Here’s When People Actually “Read Later”

Eighty percent of reads happen in the first 35 days. Outside of read-later apps, that only takes six days.

“Read later” service Pocket ran the numbers on this longform story, published on BuzzFeed in November of last year. It’s an interesting peek at how people TiVo text: most read the story fairly quickly, with a significant percentage of read-later views coming in the first few weeks; the initial fall-off is steep, suggesting that some people put stories in read-later apps because it’s just nicer to view them there, on a phone or a tablet and without ads or formatting.

Yet there’s significant reading activity for over a month (though the readership scales, as noted in the graph, are different — likely vastly so). In other words, in an essential way, a story that gets a lot of saves to Pocket or Instapaper lives for quite a bit longer. It’s worth noting, however, that the definition of “lives” is a complicated one — every late read corresponds with an initial visit to the story online, meaning that this long, slow accumulation of “reads” is largely hidden from publishers.

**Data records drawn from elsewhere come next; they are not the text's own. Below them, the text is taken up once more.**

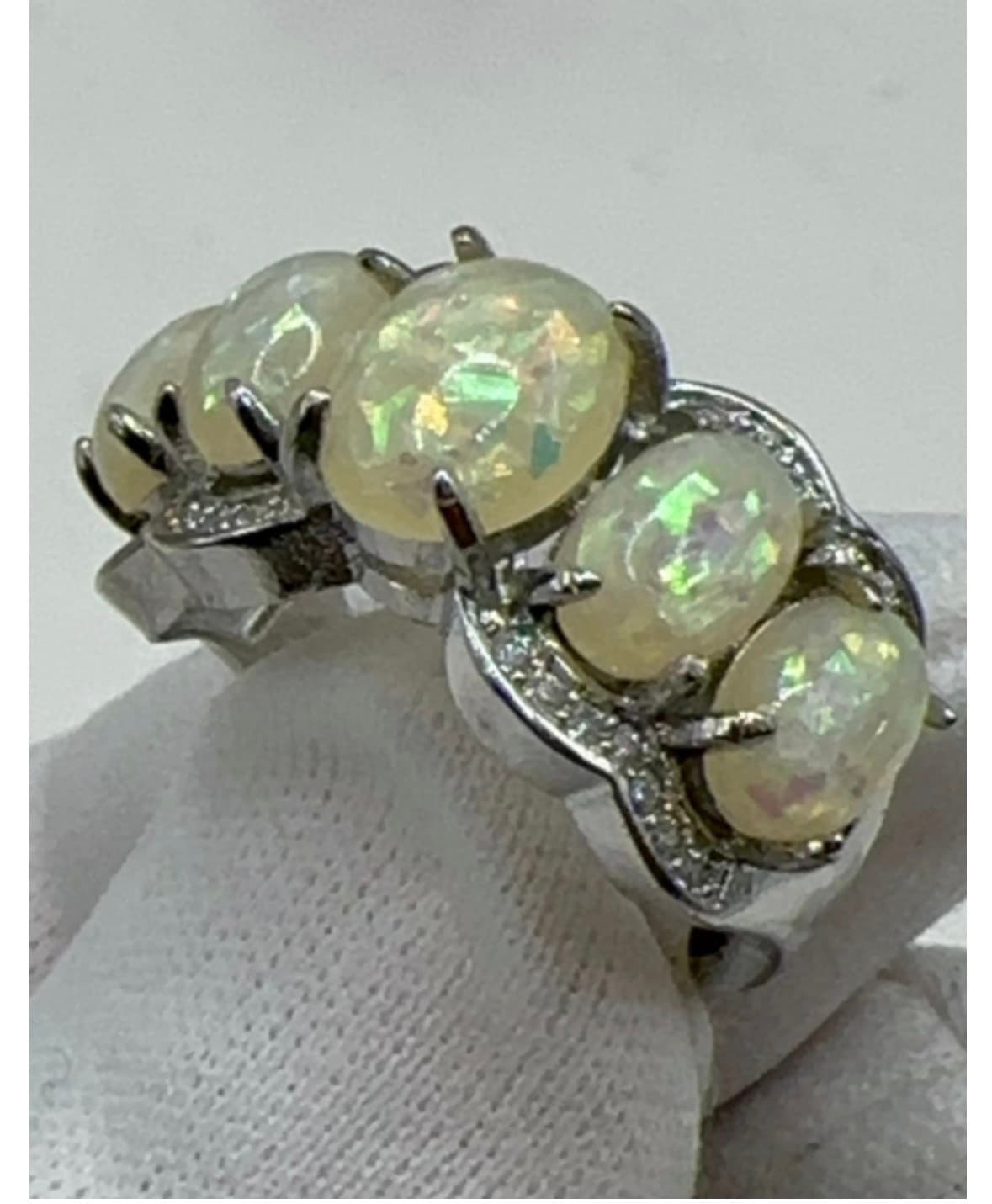 Silver Opals Ring (5 lab stones)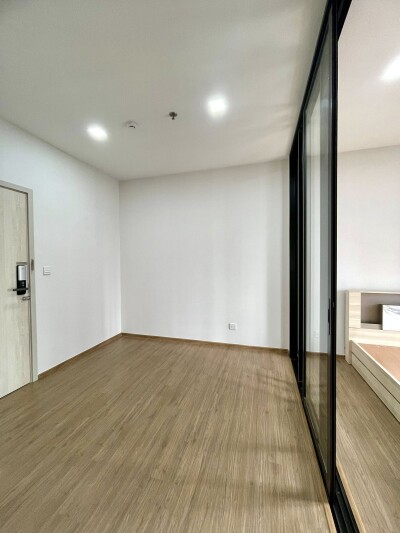 เมทริส พระราม 9 - รามคำแหง / Metris Rama 9 - Ramkhamheang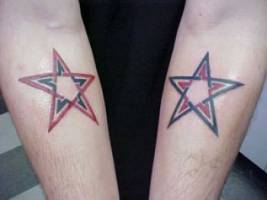 Tatuaje de una estrella en cada antebrazo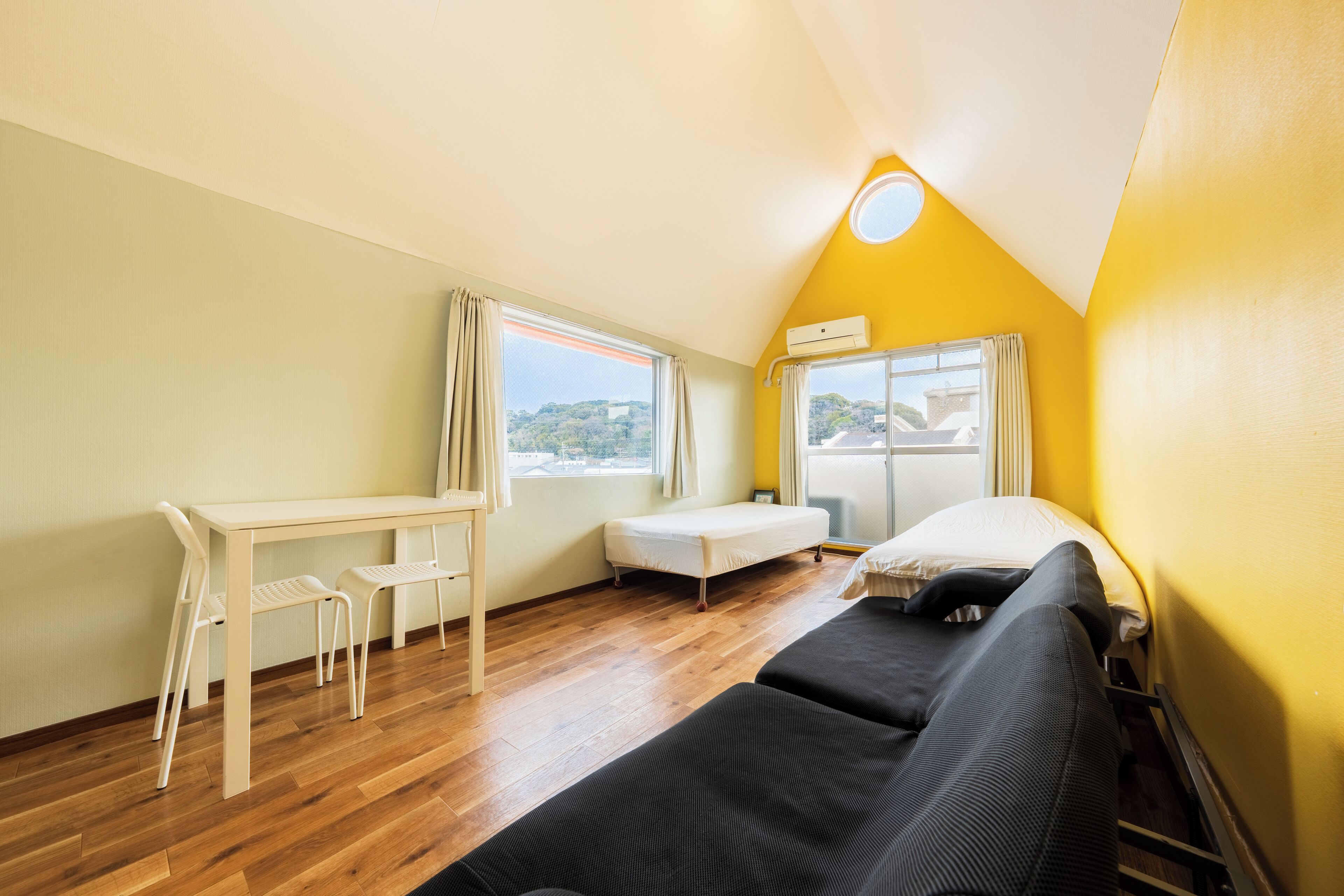 Deluxe Triple Room | Down comforters, blackout drapes, iron/ironing board, free WiFi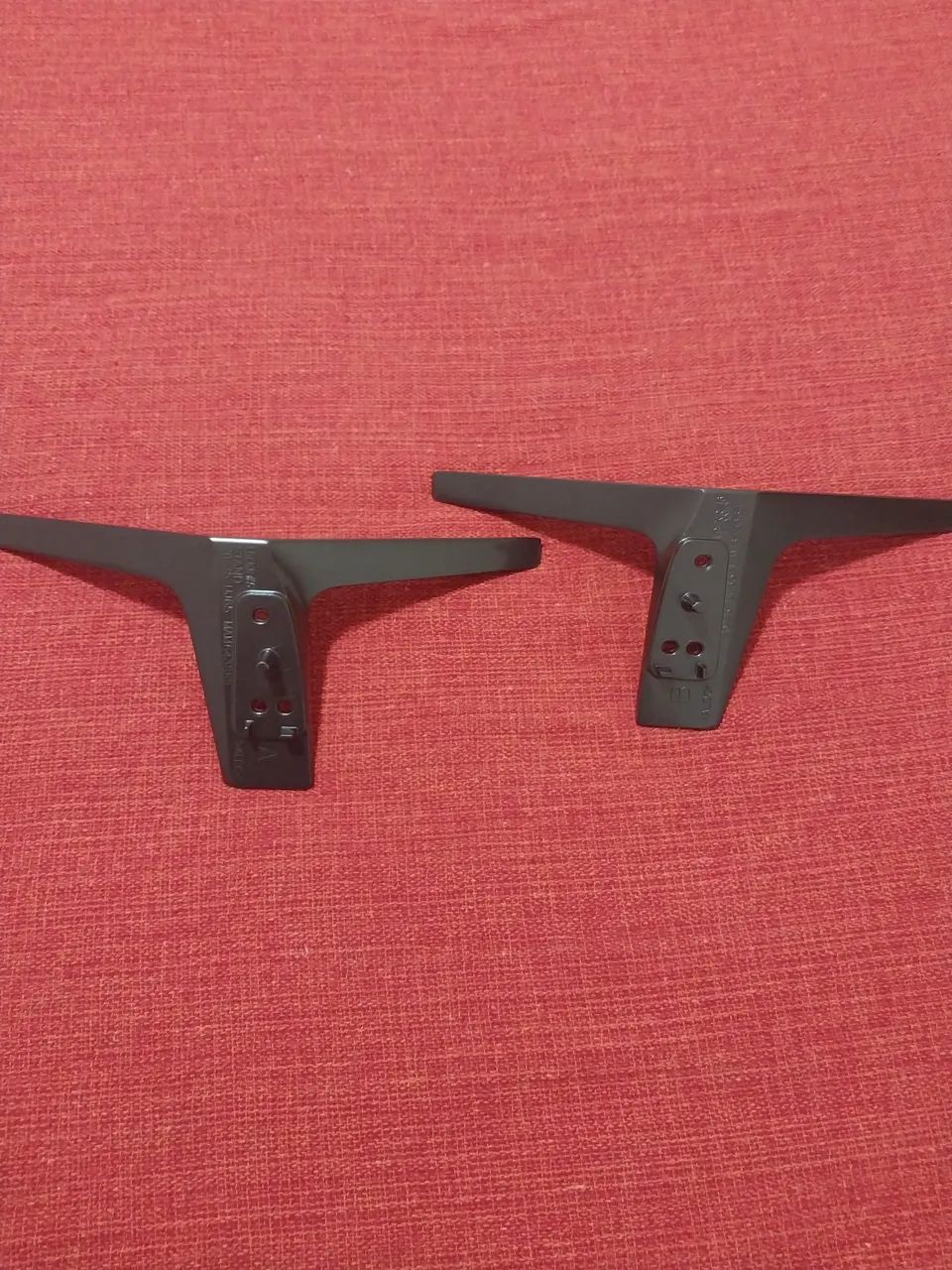 Pé Suporte A B para TV LG até 75 polegadas, sem parafusos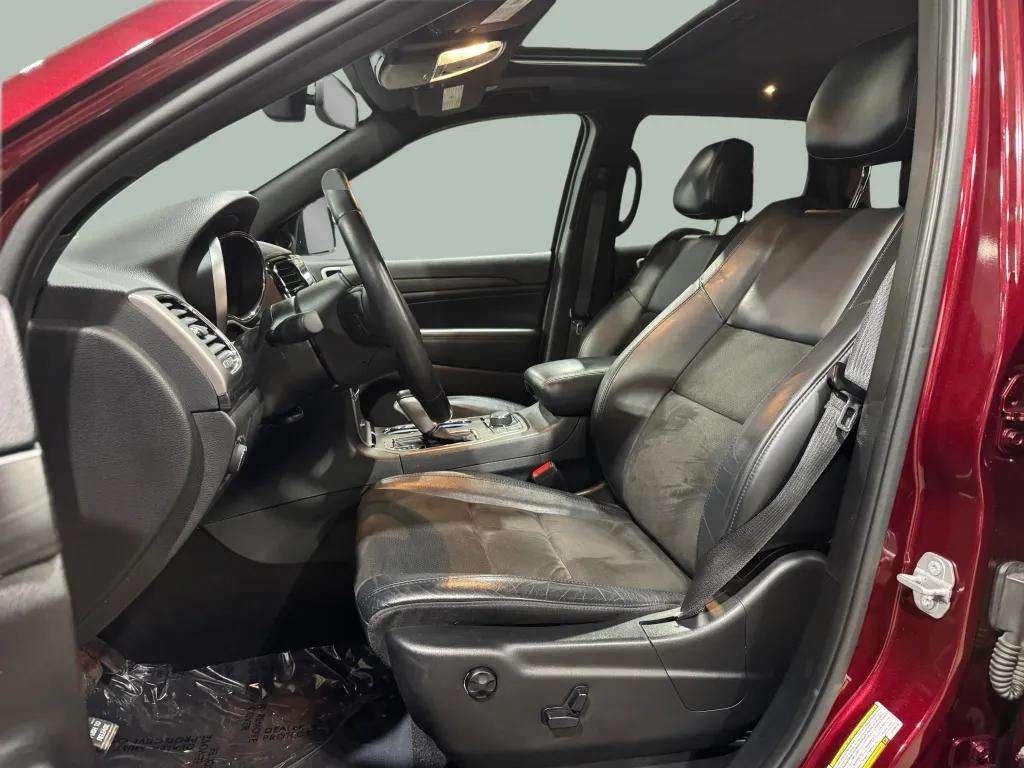 
								Jeep Grand Cherokee Altitude 4WD full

There are similar patterns for video:

These stats also hint at a sort of Nielsen/TiVo issue for online media: Content is getting viewed in a lot of different ways, but some of them — Pocket, Instapaper, Readability — aren’t fully reflected in their stats. A single three-second view to a story could be either a completely uninterested reader or one of your most interested readers, just stopping by to save the story for later perusal.

AllThingsD’s Peter Kafka tweets, “I [read later] all the time but would love to see actual #s to see how my behavior tracks w/real world. wouldn’t you?” Indeed I would — this is still, as Kafka suggests, likely a niche behavior.